Butch Jones didn't waste any time voicing his displeasure at his team's practice efforts on Tuesday coming off of an intense scrimmage Saturday in Neyland Stadium. The fourth-year Tennessee head coach felt the Vols lacked motivation and mental intensity in their seventh spring session of 2016.
Jones cited a lack of leadership among veteran players to set the tone of the practice and was candid about his desire to see more from his players moving forward.
"For the first time, I'm not pleased," Jones said after practice. "I thought we took a step back and our leadership needs to step up. We have older players in the program now and they understand the standards and the expectations. It was not up to our standard and it was not up to our expectations. That will never be tolerated."
It was the first time Jones has spoken out at his team's effort this spring, noting that his team regressed.
"I've really liked their approach all spring, the mental effort and the mental intensity, but I didn't like it (Tuesday)," he said. "I thought we took a step back as a football team. I didn't think we showed much leadership. We weren't very physical in practice today, even though it's practice seven."
The perceived lack of physicality and a veteran presence on the field combined to create a lackadaisical atmosphere at Haslam Field he didn't appreciate and hopes to correct before the Vols pick back up on Thursday.
"We have to understand that these 15 opportunities are very precious and you only get so many of them," he said. "Sometimes you become too casual in spring football, and it's all about when you walk in those doors at Anderson Training Center, it's all about mental effort, mental intensity and being at your best every day. There's a standard. There's an expectation. These players have done a good job and they'll bounce back and be ready for meetings and ready to go on Thursday."
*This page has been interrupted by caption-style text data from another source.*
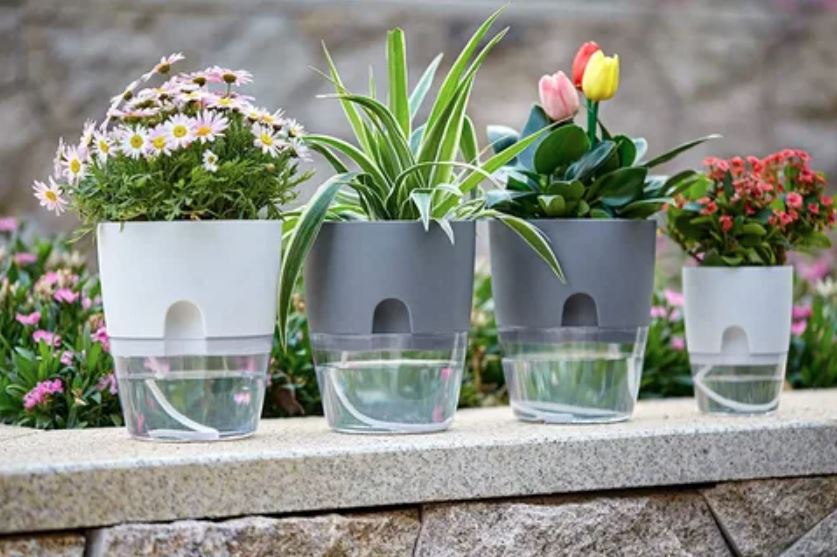 Four pots containing various plants arranged on a textured stone wall, showcasing a blend of greenery and natural materials.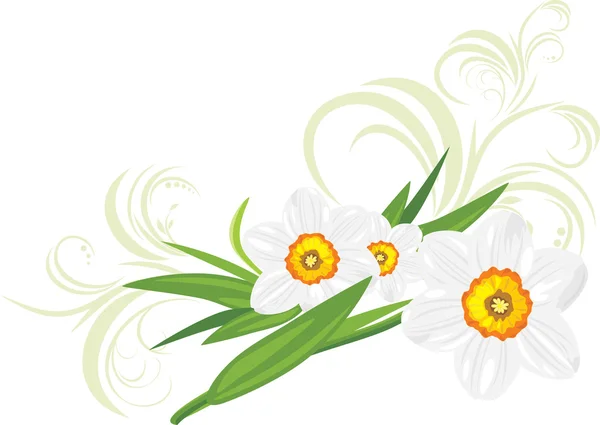 Daffodils with decorative sprigs — Stock Vector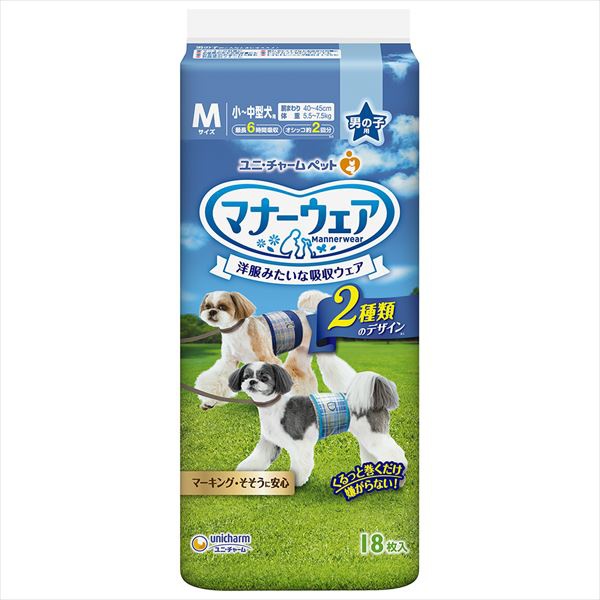 【12個仕掛ける】 折りかがみお召しものお坊っちゃん用M青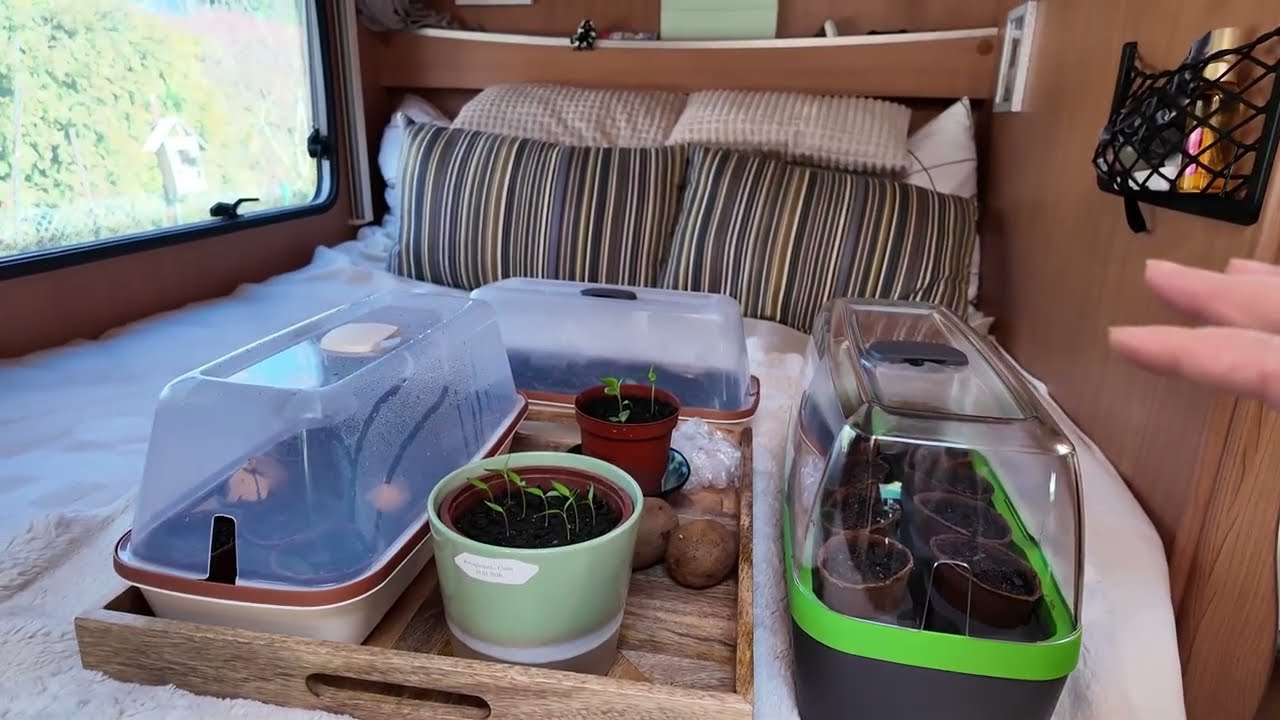 Gemüseanzucht im Wohnmobil #vollzeitvanlife  #CamperLife 
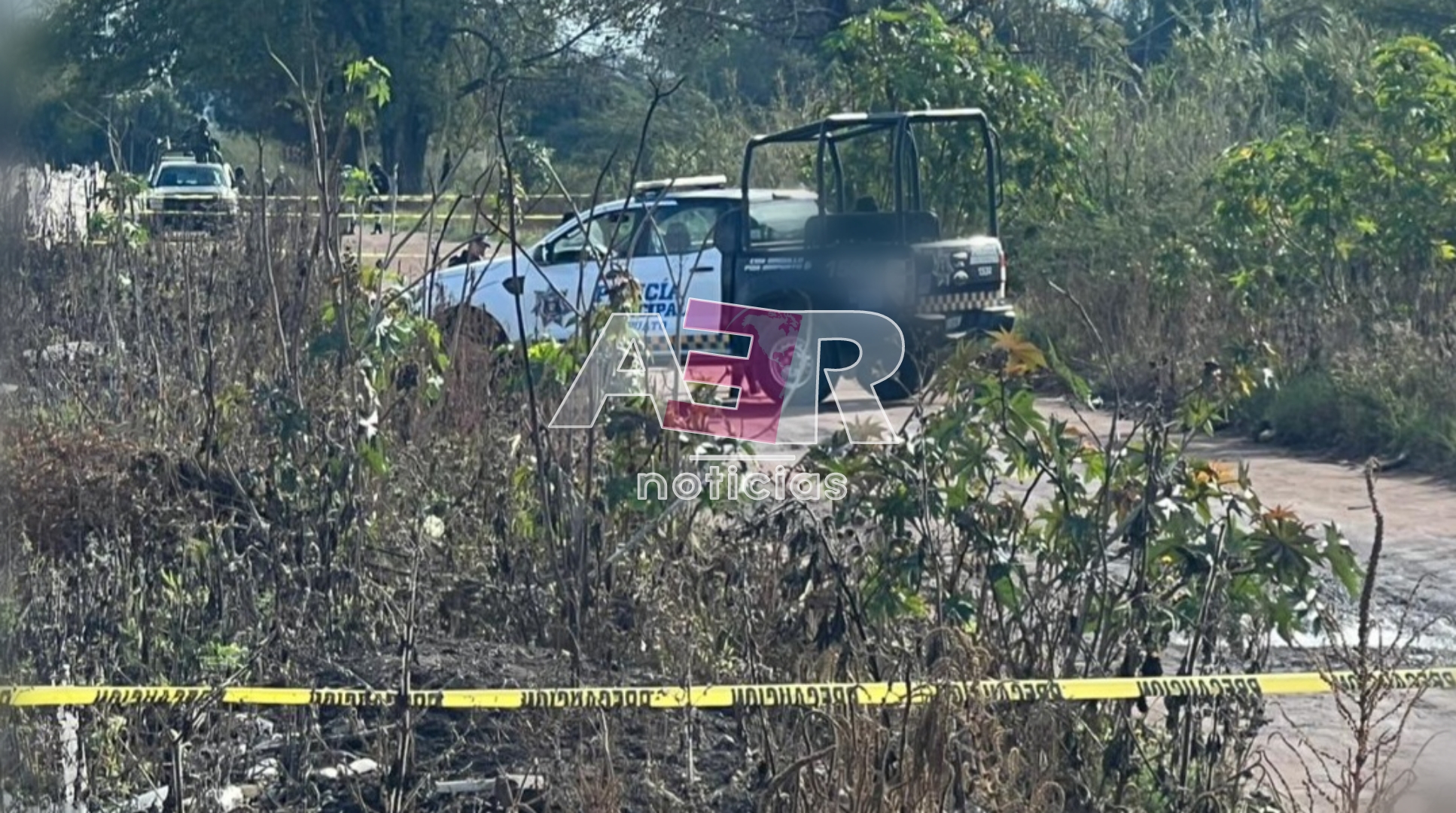 Picsart_24-01-14_12-32-27-712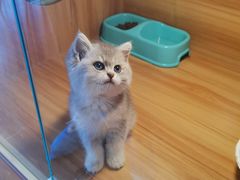 -猫十亿·布偶金渐层·曼基康矮脚猫舍(青年路店)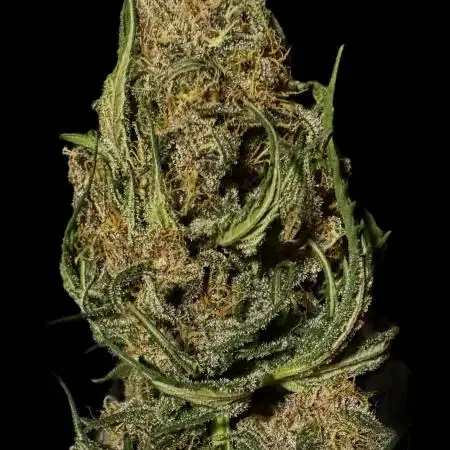 Tropicana cookies FF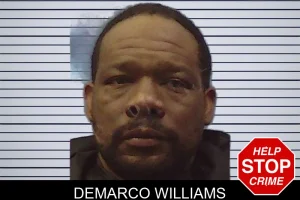 Demarco Williams mugshot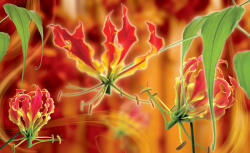 Consalnet Red lilies poszter, fotótapéta (208 x 146 cm) (C1-1371VEXL)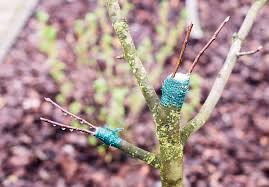 نتیجه جستجوی لغت [graft] در گوگل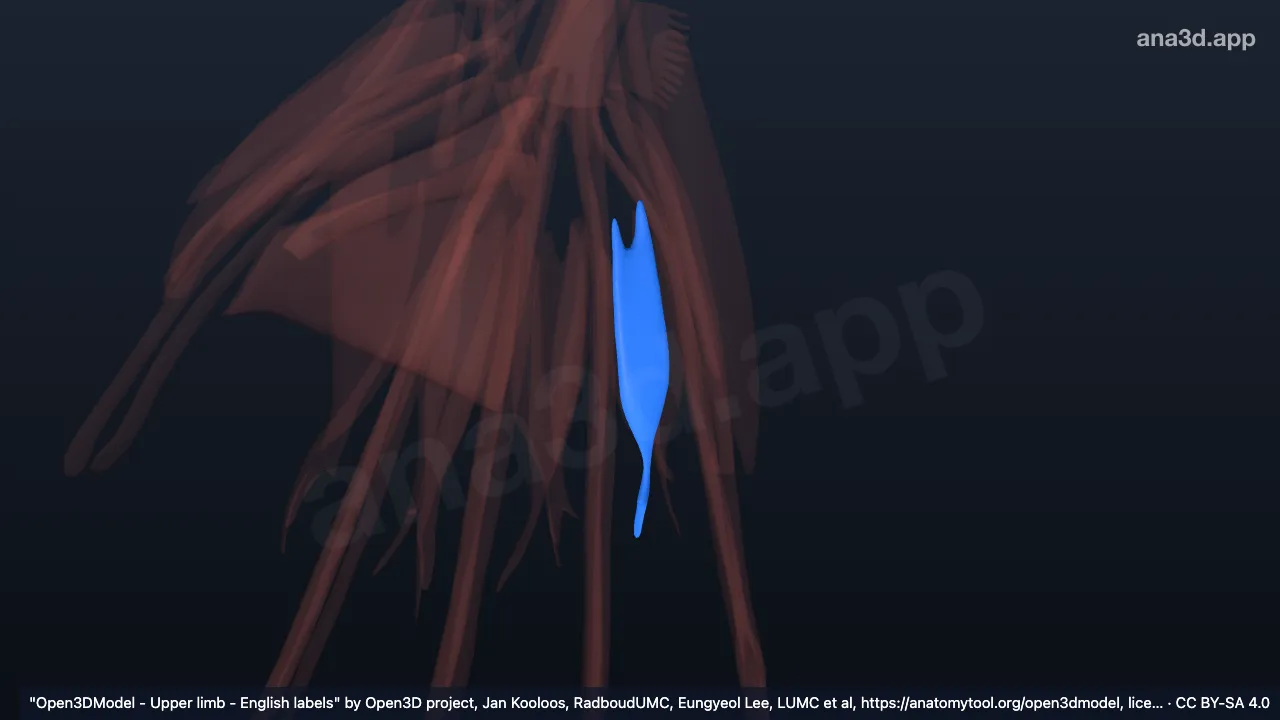 Modèle 3D : 4e muscle interosseux dorsal de la main droite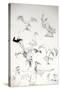 Animals (birds) 14, Eagles 1, 1992 (drawing)-Ralph Steadman-Stretched Canvas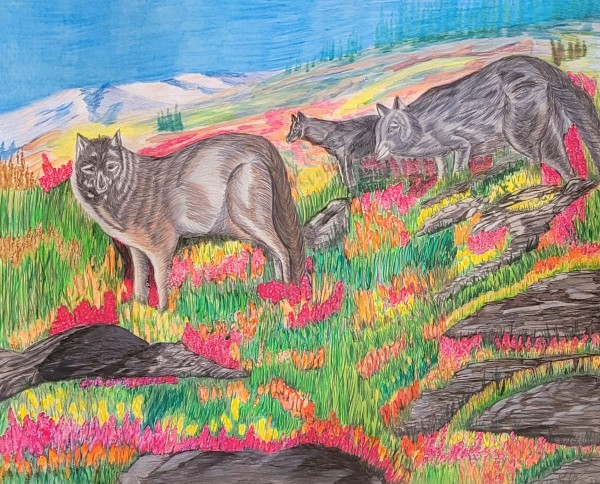 Follow Me Boys! by Barbara J Zipperer
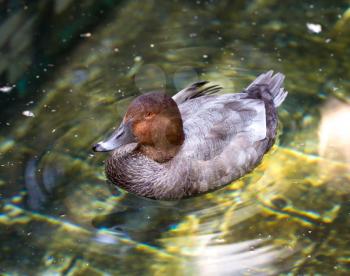 Wild duck is swimming closer the camera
Tennessee's bad injury luck continued on Tuesday with the loss of a quarterback. Rising sophomore Sheriron Jones was ruled out for the rest of spring practice with an undisclosed injury according to head coach Butch Jones.
"He kind of had an unusual injury on Saturday," Jones said. "We expect him to fully be back by June and by the start of training camp."
The 6-foot-2, 208-pound California native wore a boot on one of his legs as he watched Tuesday's practice. Jones briefly transferred to Colorado in January before coming back to Tennessee later in the month.
"He embodies what this football program stands for," Jones said. "Here's a young man who made a decision and then decided to come back to his family. He understands what it means to play here and he understands what's expected of our program, and all he does is work."
Smokey Grey Motivation
The offense showed off in smokey grey helmets and orange jerseys Tuesday for the first time at a Tennessee practice since the university switched from adidas to Nike in July. The alternate lids and home tops served as the unit's reward for winning Saturday's scrimmage inside Neyland Stadium.
"The offense won the day," Jones said after evaluating film. "When we scrimmage again in Neyland Stadium on Saturday, the defense will have that opportunity to win the orange jerseys back and wear the smokey grey helmets."
The situational scrimmage allows both units to rack up scores with a unique scoring system that gives points for various successes, including sacks, touchdowns and turnovers, with Jones making the final call on all scores. The offense locked up the win on the last play of the day, highlighting a point Jones has made numerous times this offseason about winning back "25 points." The Vols are 13-5 in their last 18 games, with those five losses coming by a combined 25 points.
"I thought it was very, very competitive," Jones said of the scrimmage. "It came down to the final play. We talk about when we're searching for their 25 points, you never know which points can make the difference."
Josh Dobbs missed Thursday's practice, but it was for a good reason. The rising senior quarterback and team captain spent the night in Atlanta accepting the Peach of an Athlete Role Model Award, which goes to someone who represents "good character" and "outstanding leadership" according to the award's website.
"You talk about a young man who gets to go back home to his home state of Georgia and receive a prestigious award like that, he embodies what a student-athlete is," Jones said. "I know (his parents) Stephanie and Robert have done such a tremendous job of raising him, and he embodies everything that we stand for."